◆ EXERCISE MATERIALS
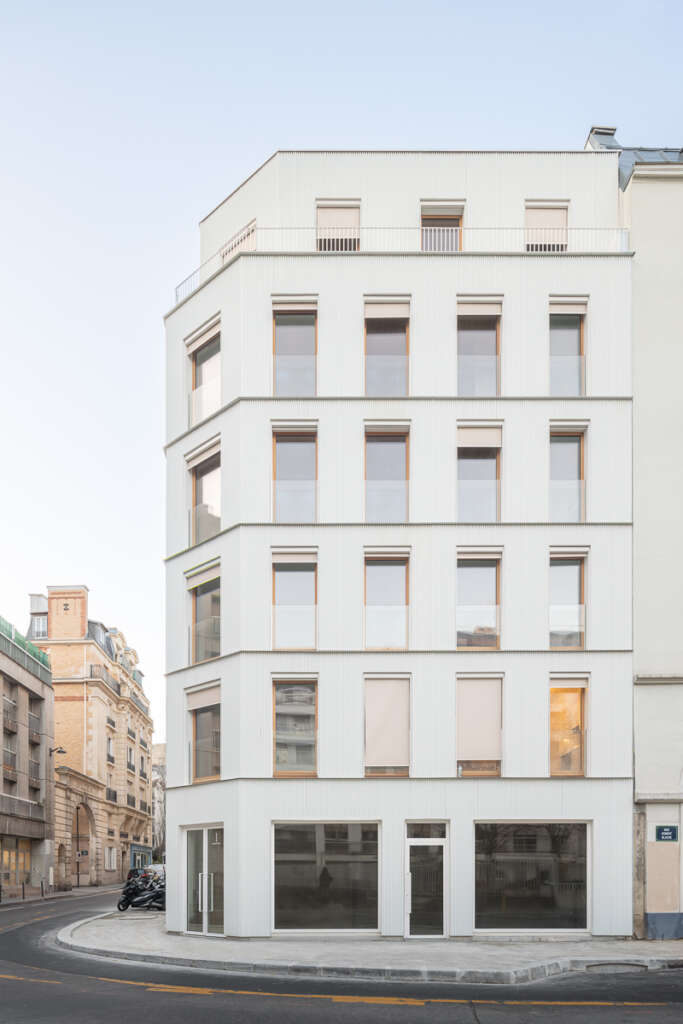 Kantor arsitektur bergerak kosong Paris France Desain Arsitektur Konstruksi Kayu Kayu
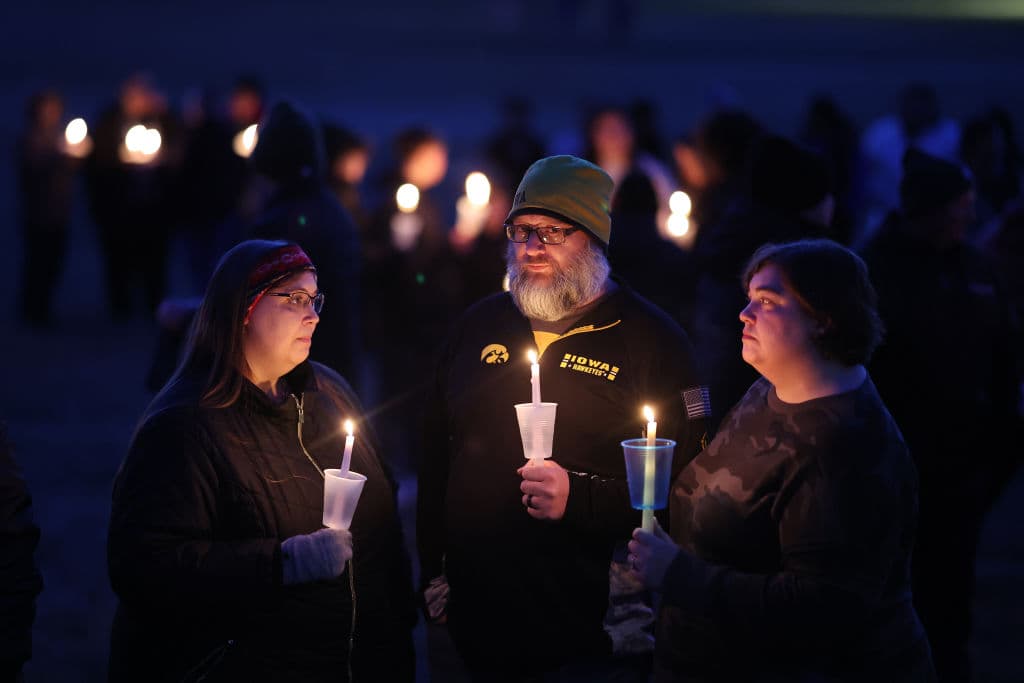 "Fue realmente aterrador": los testimonios de los sobrevivientes del tiroteo en la escuela de Iowa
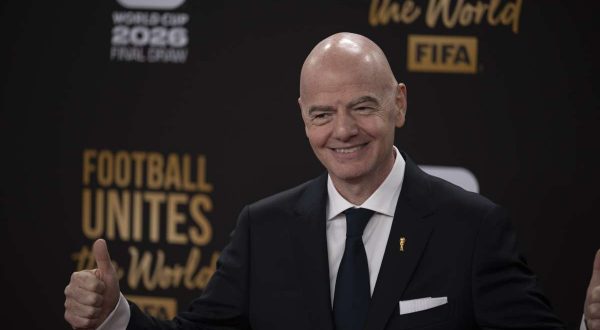 Infantino alla vigilia dei Mondiali “Non c’è una favorita, felice per l’Iran”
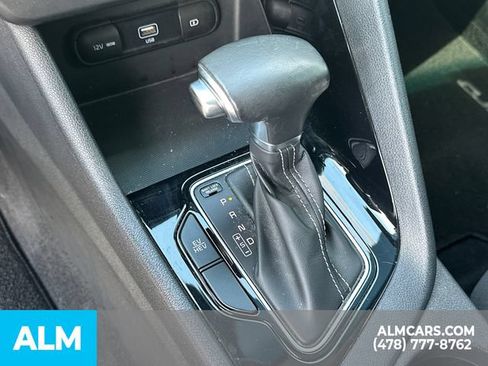 Used 2022 Kia Niro LXS FWD image 34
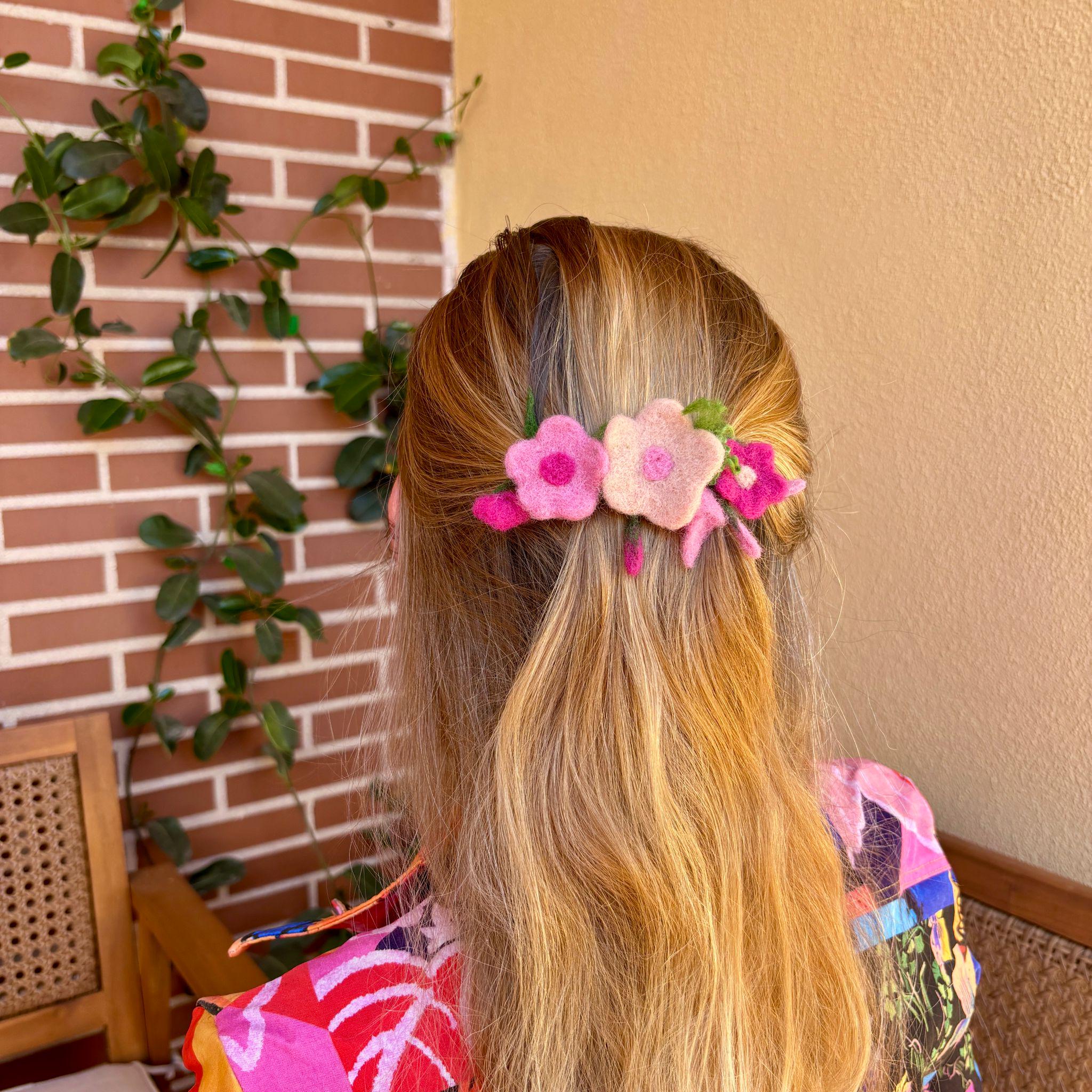 SPRING FLOWER French barrette in 100% Merino wool. Handmade hair clip. Gift for women. Boho style. Hair accessory.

◆ WHAT THE EXERCISE ASKS
Leave out the pictures, then copy all the remaining text in the records exactly.

◆ ANSWER SECTION
 Kantor arsitektur bergerak kosong Paris France Desain Arsitektur Konstruksi Kayu Kayu
 "Fue realmente aterrador": los testimonios de los sobrevivientes del tiroteo en la escuela de Iowa
 Infantino alla vigilia dei Mondiali “Non c’è una favorita, felice per l’Iran”
 Used 2022 Kia Niro LXS FWD image 34
 SPRING FLOWER French barrette in 100% Merino wool. Handmade hair clip. Gift for women. Boho style. Hair accessory.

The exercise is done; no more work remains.